- **Activity**
Below this line is a set of entries; quote exactly the lines from the line that contains "1 Bedroom Apartment" to the line that contains "bán lô đất phân", both lines included.

- **The data**
= Beginning of Section =

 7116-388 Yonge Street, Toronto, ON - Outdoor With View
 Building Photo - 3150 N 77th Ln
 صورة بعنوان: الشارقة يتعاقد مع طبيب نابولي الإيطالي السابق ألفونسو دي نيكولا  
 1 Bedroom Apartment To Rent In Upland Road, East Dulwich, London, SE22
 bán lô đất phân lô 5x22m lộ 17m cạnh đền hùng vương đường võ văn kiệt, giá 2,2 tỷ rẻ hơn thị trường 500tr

= End of Section =
= Beginning of Section =

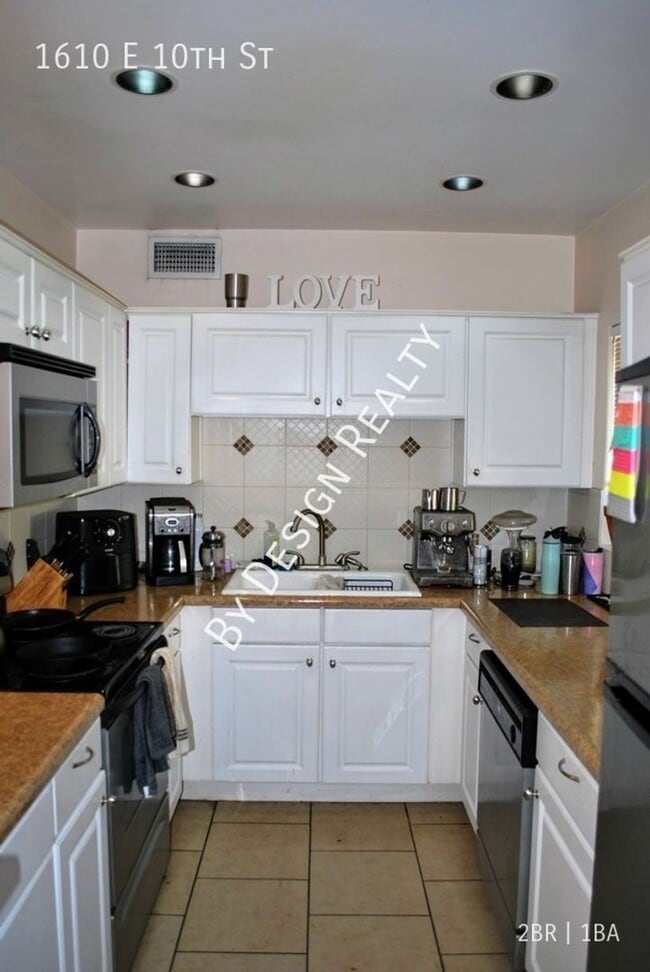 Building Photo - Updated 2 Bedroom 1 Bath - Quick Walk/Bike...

= End of Section =
= Beginning of Section =

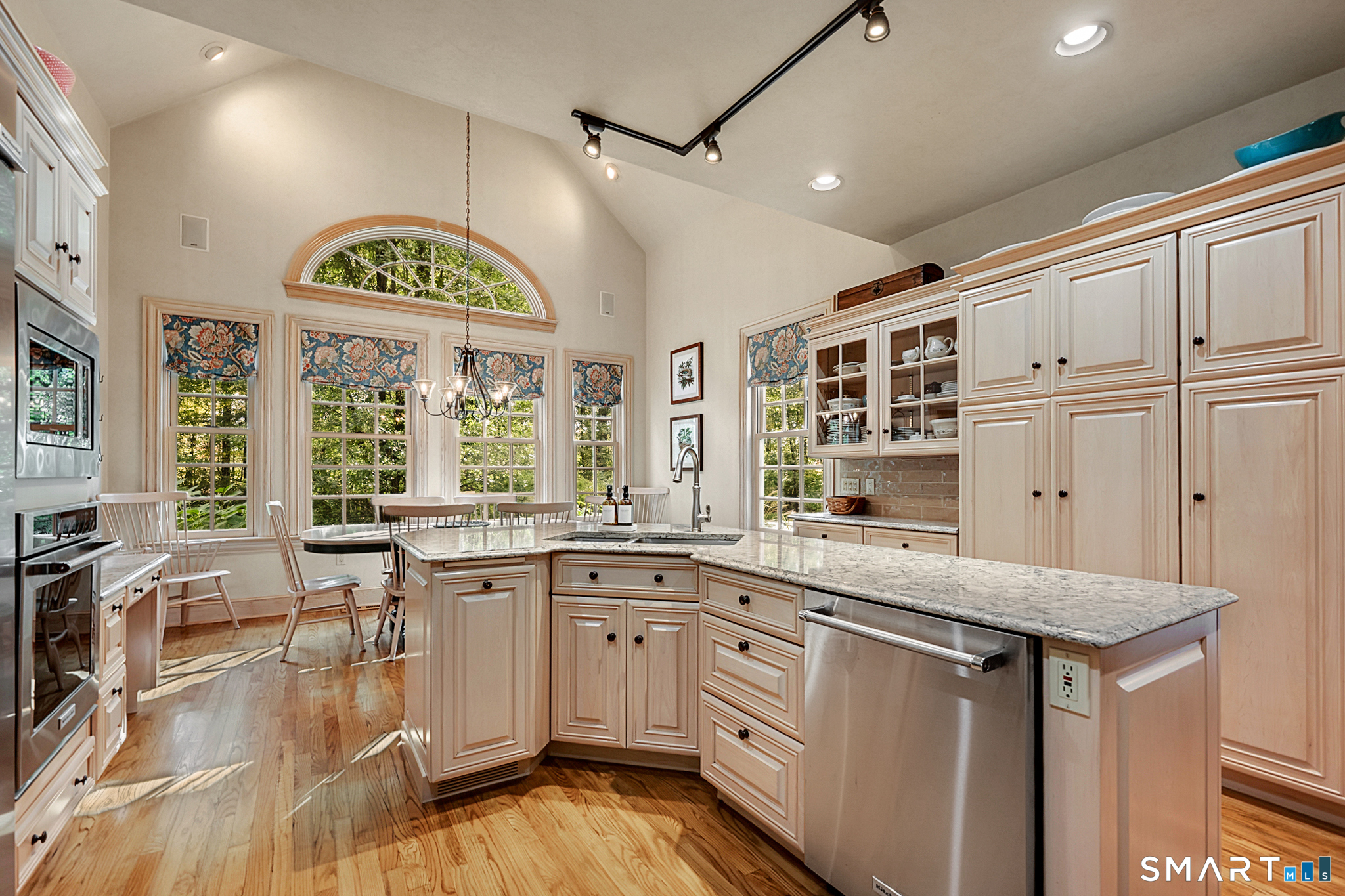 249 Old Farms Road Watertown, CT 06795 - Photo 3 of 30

= End of Section =

- **Result for this task**
 1 Bedroom Apartment To Rent In Upland Road, East Dulwich, London, SE22
 bán lô đất phân lô 5x22m lộ 17m cạnh đền hùng vương đường võ văn kiệt, giá 2,2 tỷ rẻ hơn thị trường 500tr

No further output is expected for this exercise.